Why do people have such a strong reaction to this vital step of de-escalating big emotions? Because they interpret the words “I’m sorry” as accepting blame and taking responsibility for something they haven’t done.
While the phrase can be used as part of taking responsibility for something, that’s not what it means.
Death taught me this lesson. Soon after that December webinar, on Christmas day, a friend passed away. It was announced on social media by her partner. Every response, every comment, began with the words, “I’m sorry.” Were these people accepting blame or taking responsibility for my friend’s death? No, of course not. What they were saying is I hear you, I’m listening, I’m with you, I care.
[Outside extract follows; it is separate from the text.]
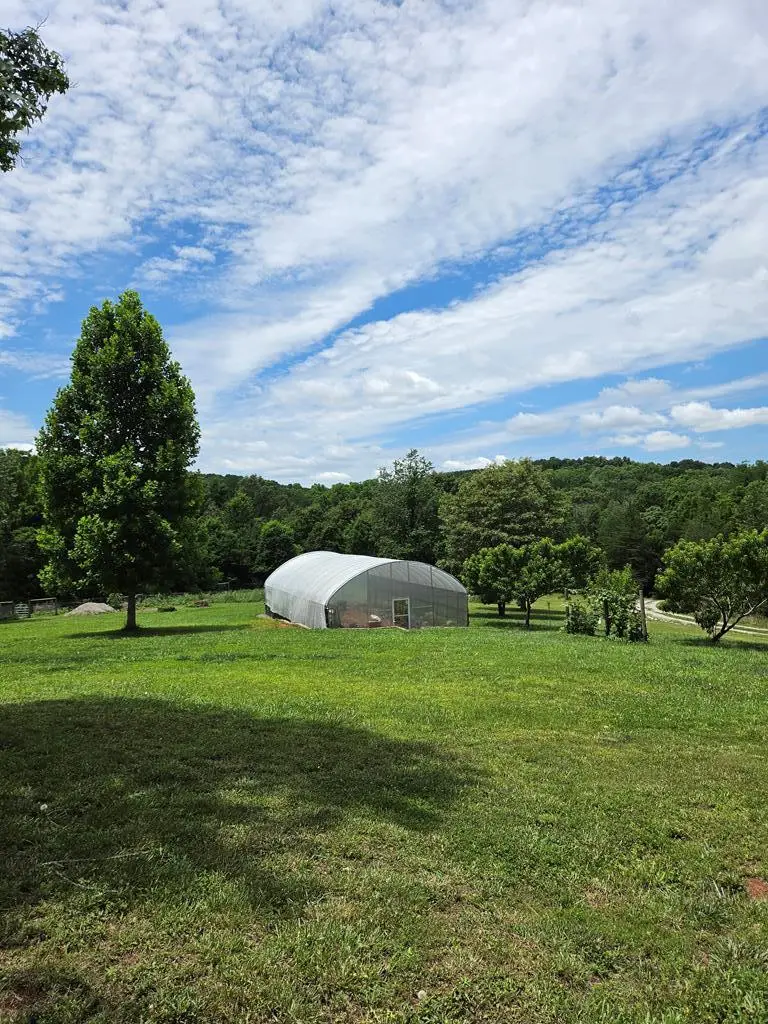 1302 Cummingsville & Sparkmantown Rd, Doyle, TN 38559 - #2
Not every emotional conversation can be easily de-escalated. But in the majority of circumstances, the words “I’m sorry” begin the process of moving to a reasonable conversation. They should be followed by an open-ended question such as “What do you think of my sharing with you how I can help?” or “What are you hoping will happen next?” The open-ended question requires the individual to think, and this moves them towards logic, away from emotion. When any of us moves towards logic, our ability to listen improves.
When you find yourself on the other end of an emotionally charged conversation, set your ego aside. Let the other person know you care, that you are listening, that you want to help – by saying, “I’m sorry.” You’ll be pleased with the results.